There are those reformers now cheering the passage of the bill who hope that states and districts will become accountable on their own. But this isn’t happening. As seen in Texas, California, and even in strong reform-oriented states such as Indiana and New York, traditionalists have been successful in weakening standards for high school graduation, getting rid of accountability measures, and ditching tests that are key in observing how well schools are serving our children. Opponents of reform have been successful in getting more money for doing less for our students — and that is all that has happened. And that can be credited to the Obama Administration’s decision four years ago to abandon strong accountability.
The celebration that those reformers who wanted an end to No Child, especially those in the Beltway, are doing right now will eventually turn to jeers and tears as they recognize what has been lost. The tools needed to provide high-quality education to children in our schools and beat back traditionalists who want anything but are now gone. What has replaced them will serve neither them nor our children any good.

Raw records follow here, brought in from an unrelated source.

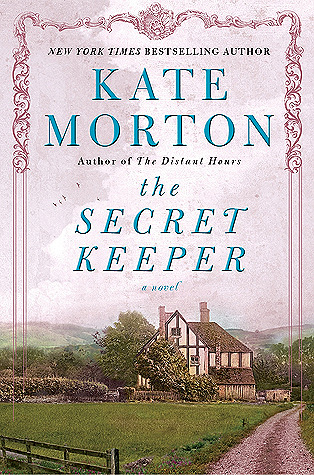 The Secret Keeper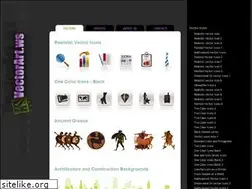 Sites similar to vectorart.ws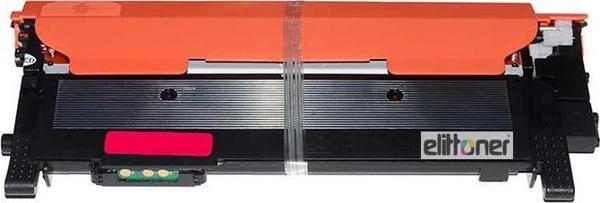 Elittoner Hp W2073A (117A) 150, MFP178, MFP179 Magenta (0.7K) - Image 1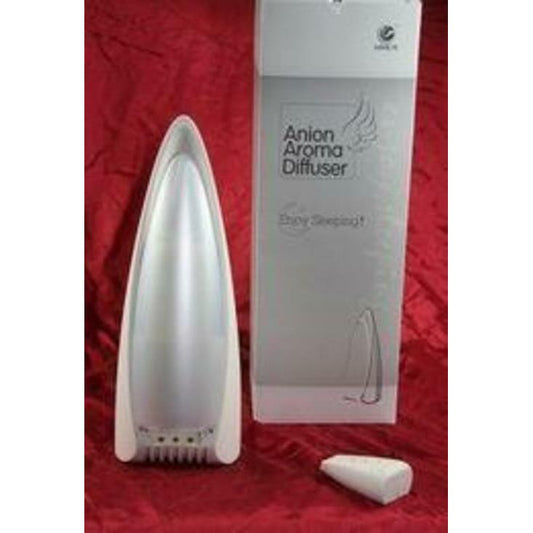 Alive Anion aroma luchtbevochtiger met afstandbed 1st
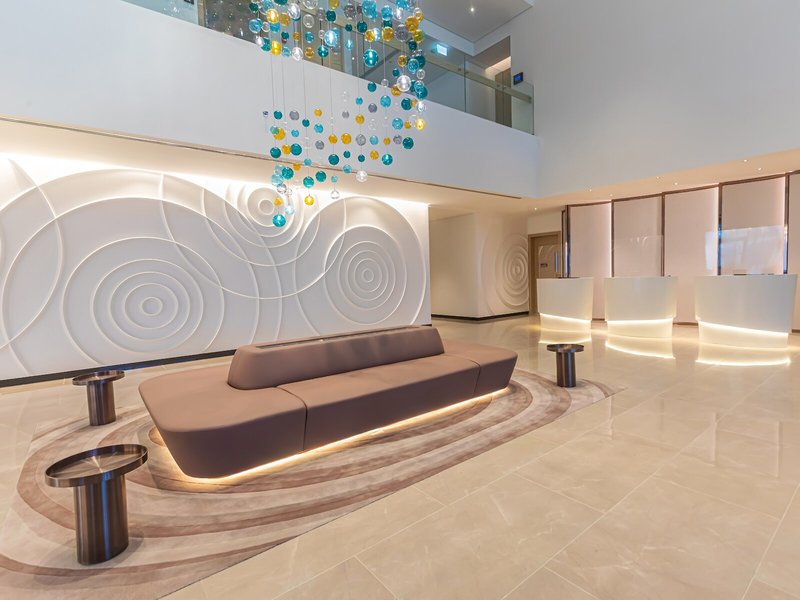 Wyndham Dubai Deira 13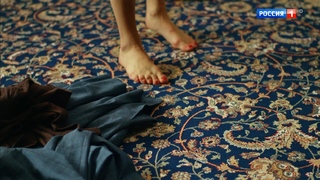 Arina Postnikova feet photo thumbnail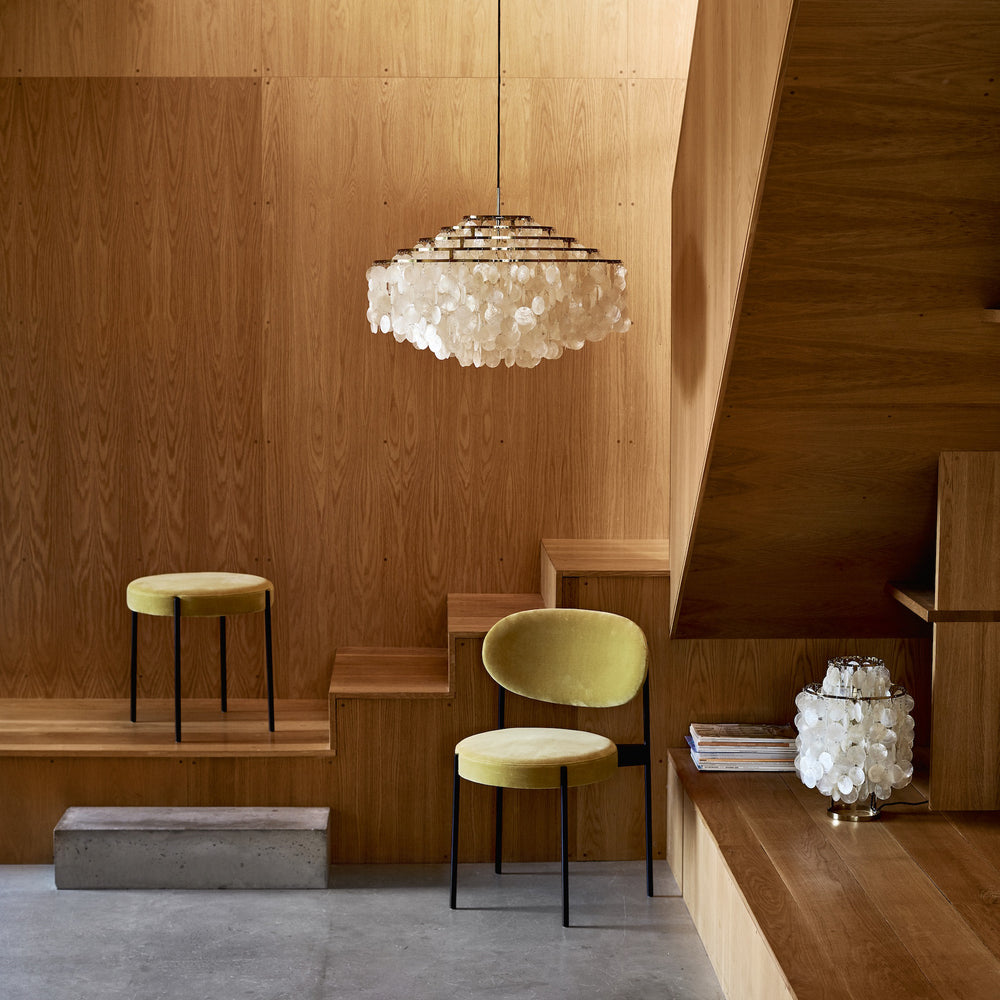 Fun Large Pendant Light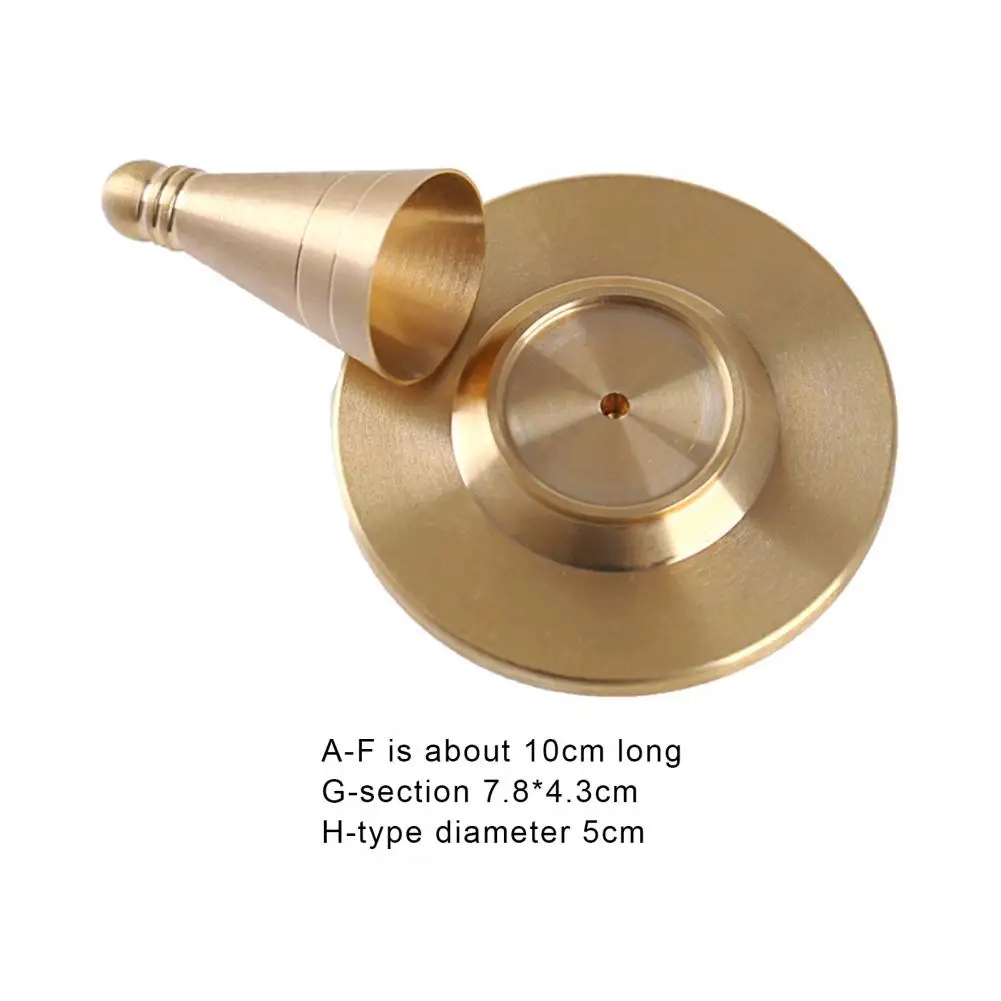 

Incense Shovel Fashion Easy to Use Elegant Aromatherapy Censer Seal Tool for Living Room Sandalwood Scoop Censer Seal Tool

Let’s hope for the best, and let’s work toward a far better end than I am predicting. But, from this month on, we must be exceedingly vigilant about the policies and practices that are adopted across the nation in the absence of federal pressure to improve and reform. We must watch all measures of student achievement, and if this month indeed proves to be the second red letter date marking the continuation of a long period of stagnation in student achievement, we must vow to bring news of such stagnation to the awareness of our fellow countrymen and women. And we must then press with all our strength for a return of the accountability we must bear if our young people are to be educated effectively to the high standards that are required for their success.